Models & Research

RSI is the new AGI — and it’s just as hard to pin down

· May 28, 2026
RSI is the new AGI — and it’s just as hard to pin down

Quick take

A new wave of AI research is zeroing in on recursive self-improvement (RSI) as the next big frontier, rather than the traditional goal of artificial general intelligence (AGI). RSI means building AI systems that can improve their own capabilities autonomously, ideally leading to rapid, continuous upgrades without human intervention. Despite the allure, this goal remains just as vague and difficult to pin down as AGI once was.

Why it matters

Shifting the spotlight from AGI to RSI changes how builders and investors view AI development’s endpoint. Instead of aiming for a single breakthrough AI that can do everything, labs chase systems that can iteratively upgrade themselves. That promises potentially faster progress but raises technical and control challenges that have no clear solution yet. For operators and founders, RSI’s elusiveness means bets on “self-improving AI” remain risky, with uncertain timelines and unclear safety guarantees. This leaves a gap between the hype and the practical reality of deploying trustworthy, autonomous improvement systems.

AI labs pursuing RSI reveal how difficult it is to move beyond fixed, human-tuned architectures. Real self-improvement demands more than code patches or retraining; it requires AI to understand and rewrite its own structure effectively, without spiraling into unpredictable behavior. That difficulty slows down the promise of DIY AI scaling and makes regulatory and risk assessments more complicated.
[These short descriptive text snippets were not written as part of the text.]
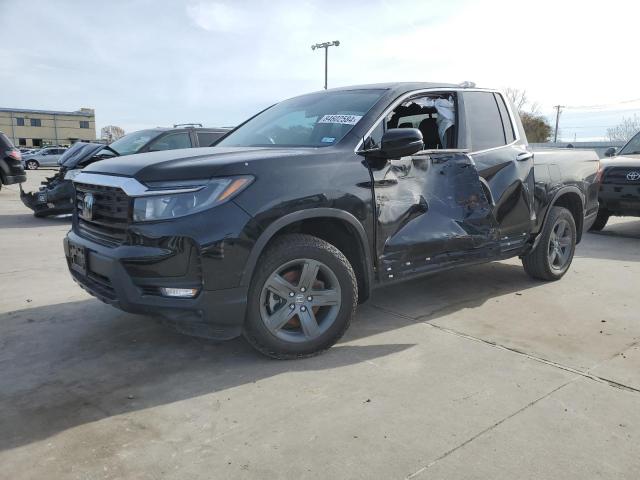 HONDA RIDGELINE 2023 with VIN 5FPYK3F78PB036167 - Photo from auction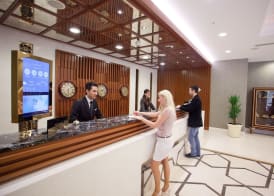The Parma Hotel & Spa Taksim 5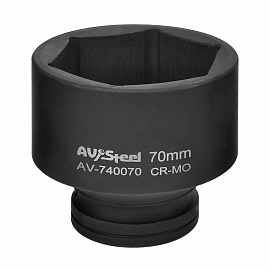 AV-740070 Головка ударная 1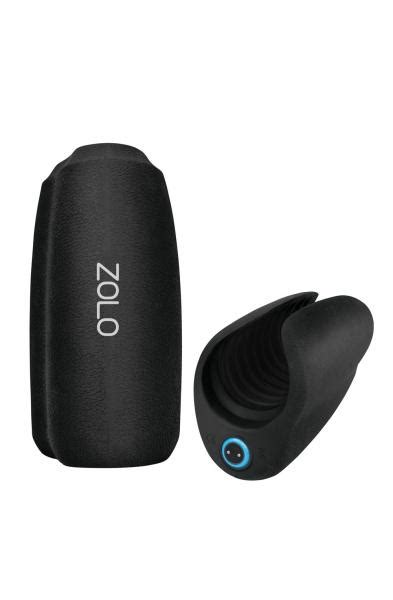 Zolo Vibrating Cockpit Stroker - X-ZO6019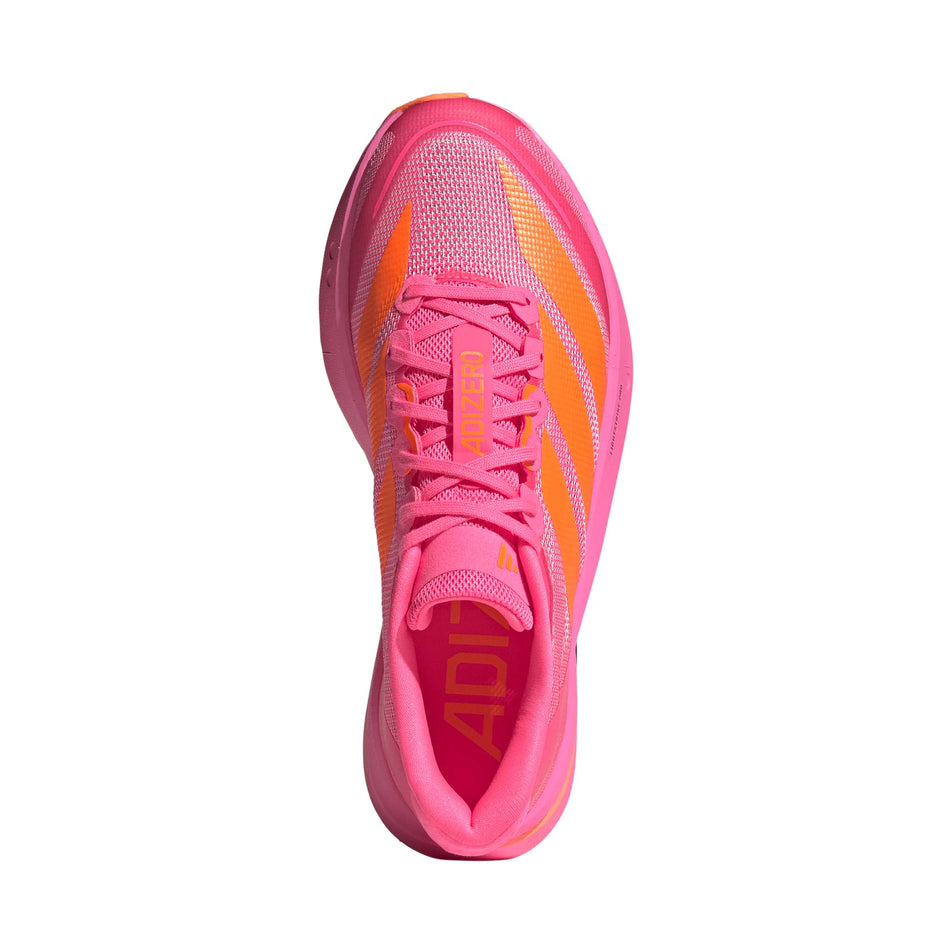 adidas Women's Adizero Boston 13 Running Shoes - Lucid Pink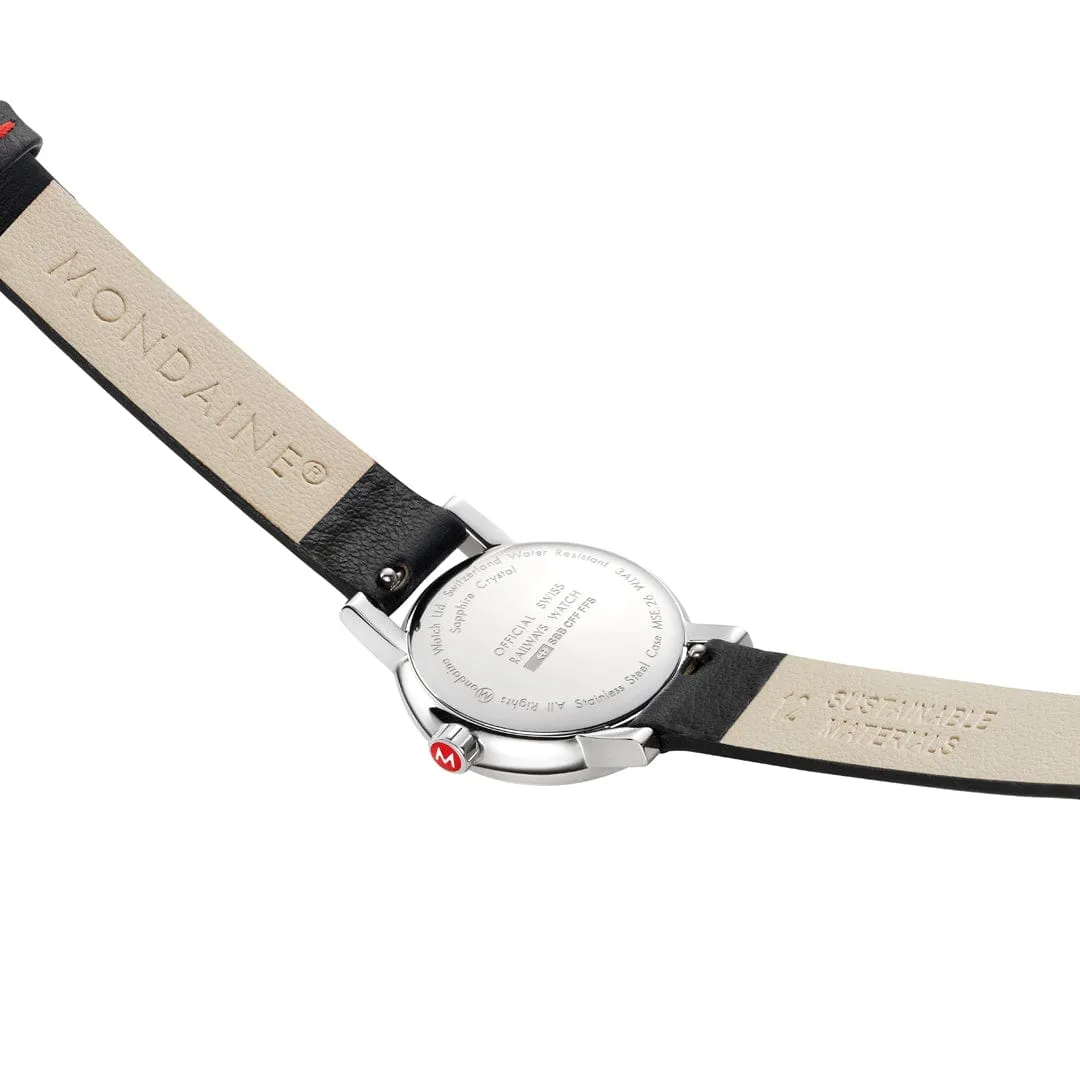 Mondaine Evo2 MSE26110LBV detay görseli 4
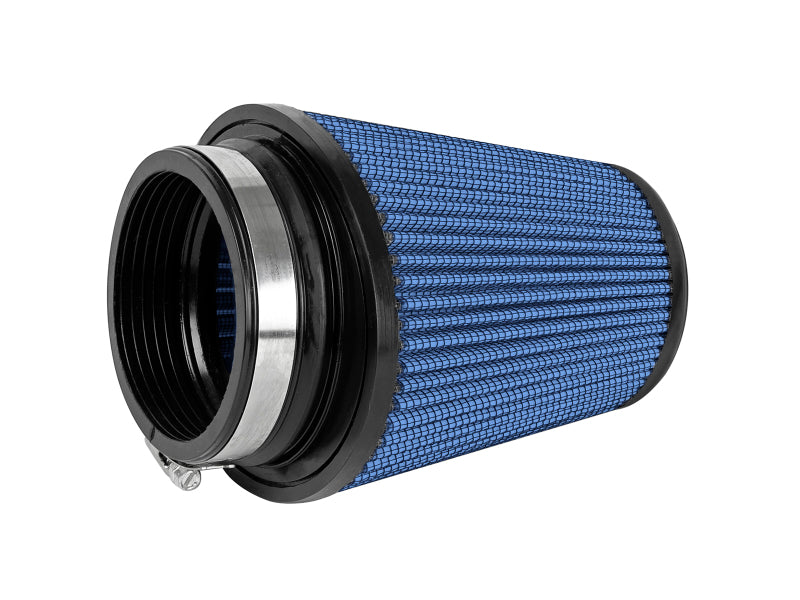 aFe Magnum FLOW Pro 5R Universal Air Filter F-3.5in / B-5.75x5in / T-3.5in (Inv) / H-6in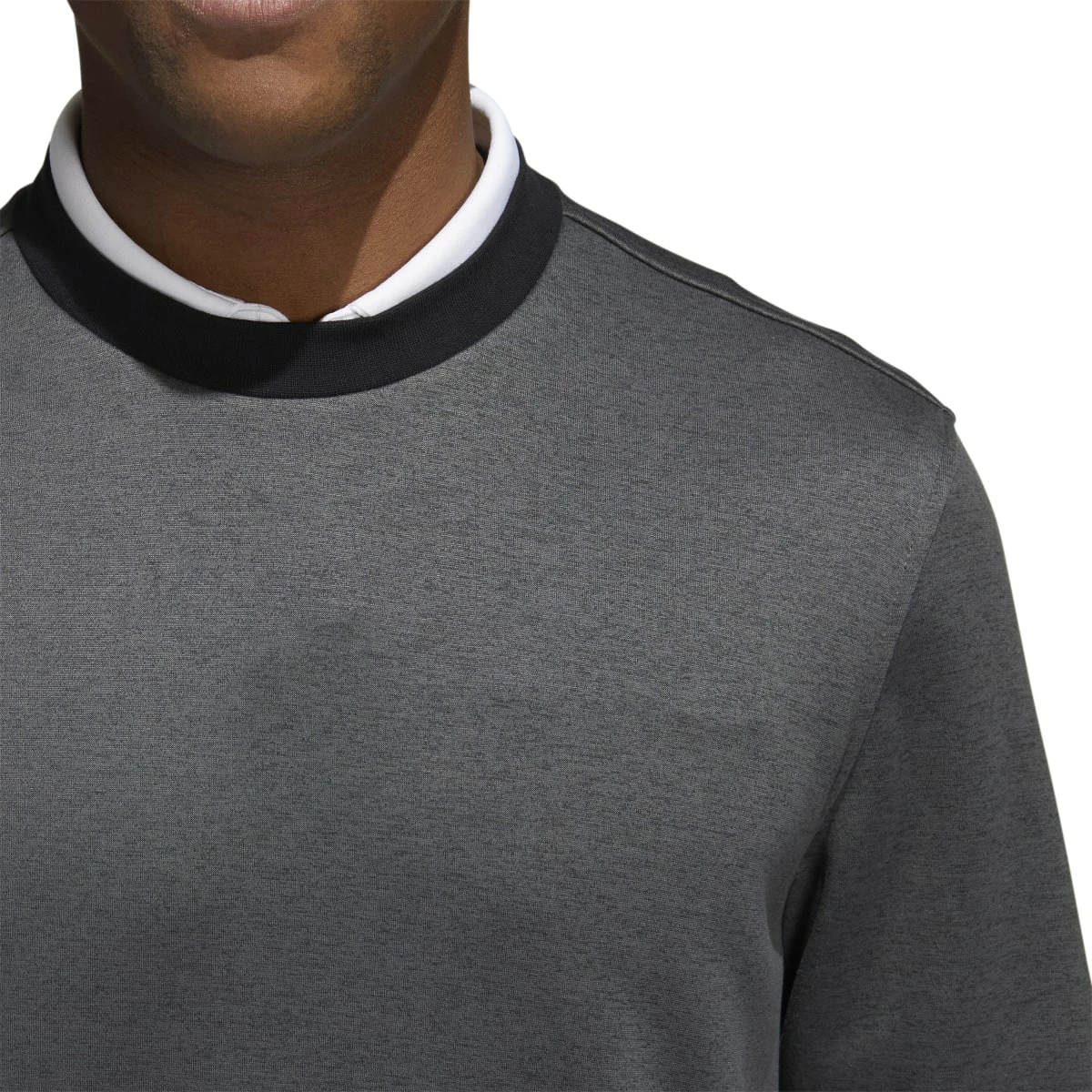Adidas Go-To Crew Neck Golf Pullover HG8837 4 Adidas Go-To Crew Neck Golf Pullover HG8837 - Image 4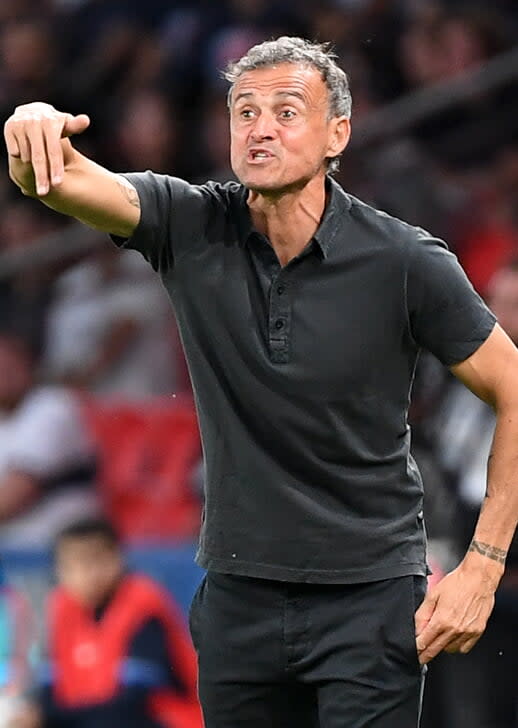 Analyzing Luis Enrique's Strategy: Paris Saint-Germain's Road To Victory Analyzing Luis Enrique's Strategy: Paris Saint-Germain's Road To Victory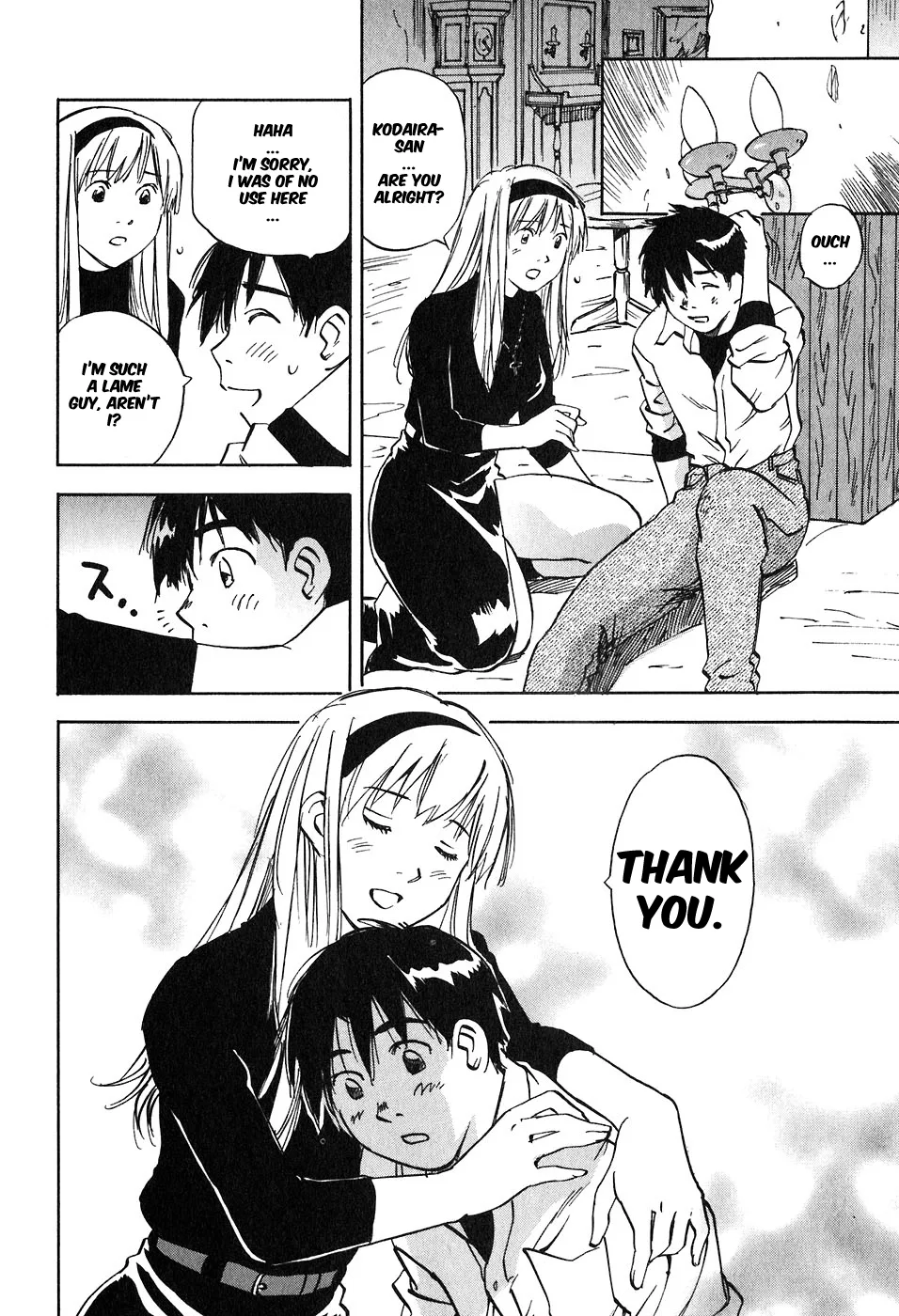 Magetsukan Kitan Chapter 43 page 4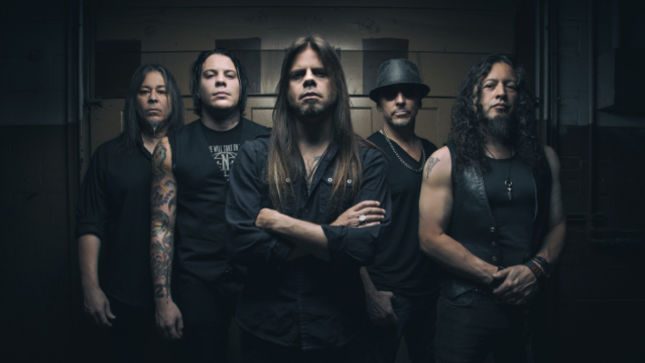 QUEENSRŸCHE Bassist EDDIE JACKSON Talks Live Shows - "Eventually, We Will Start Doing Songs From Promised Land, Hear In The Now Frontier, Tribe..."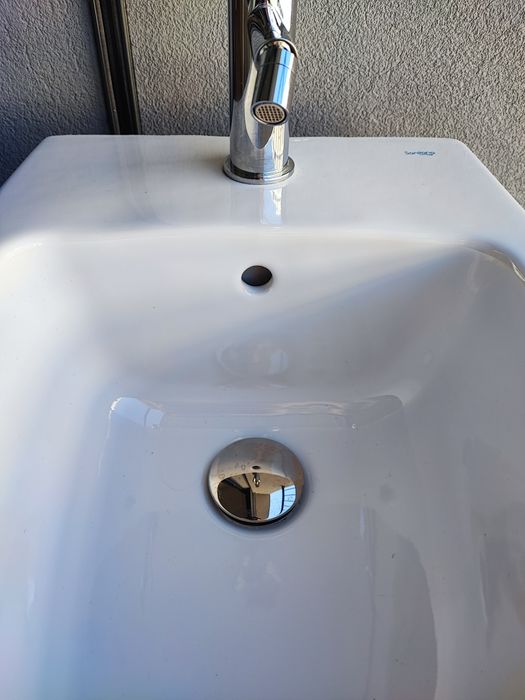 NOVO - Bidé suspenso Sanitana-Nunca usado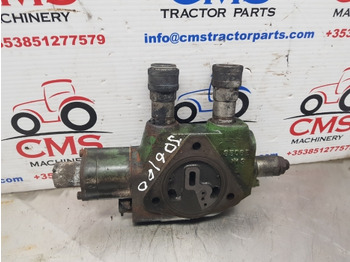 Hydraulika JOHN DEERE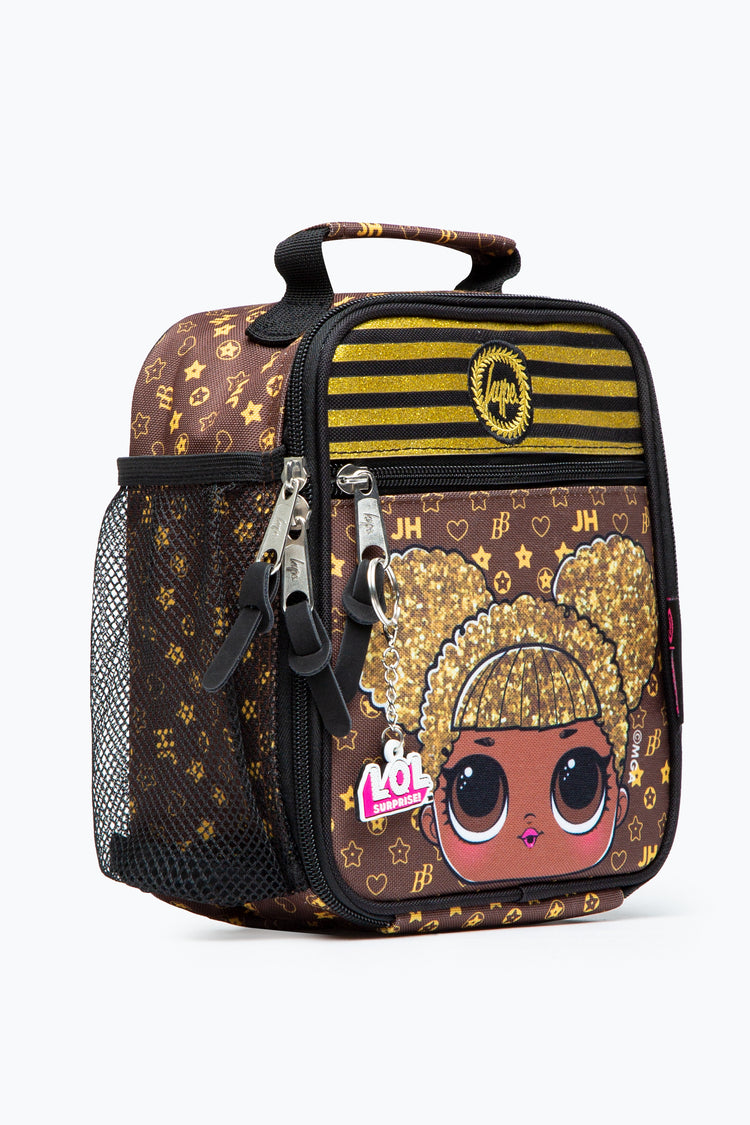 HYPE X L.O.L. QUEEN BEE LUNCH BOX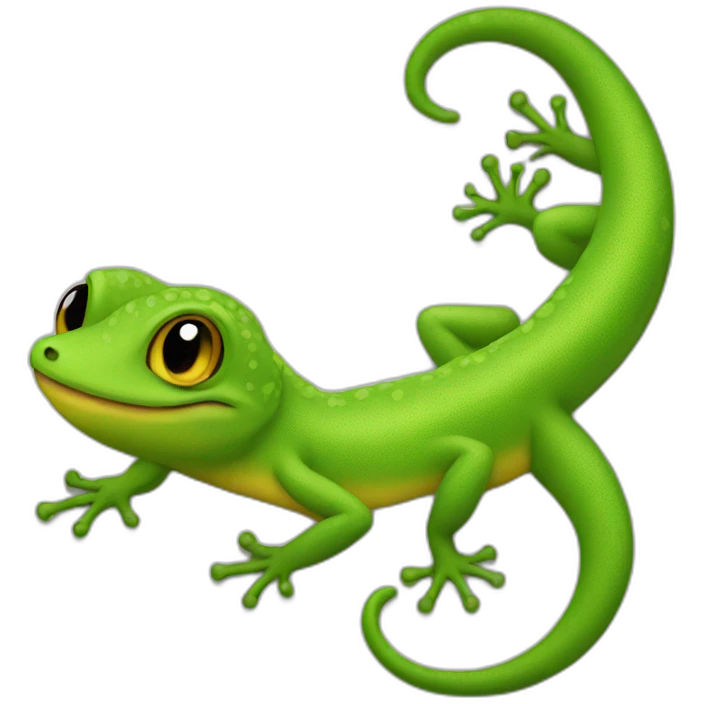gecko\ emoji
AI investors must price in the uncertainty that RSI brings. While RSI could accelerate innovation, it amplifies unknowns around stability and control, pressuring due diligence timelines and risk models. Operators integrating AI-based automation or agents should monitor RSI progress closely, as it could shift power toward platforms that master autonomous AI upgrades and away from users reliant on static systems.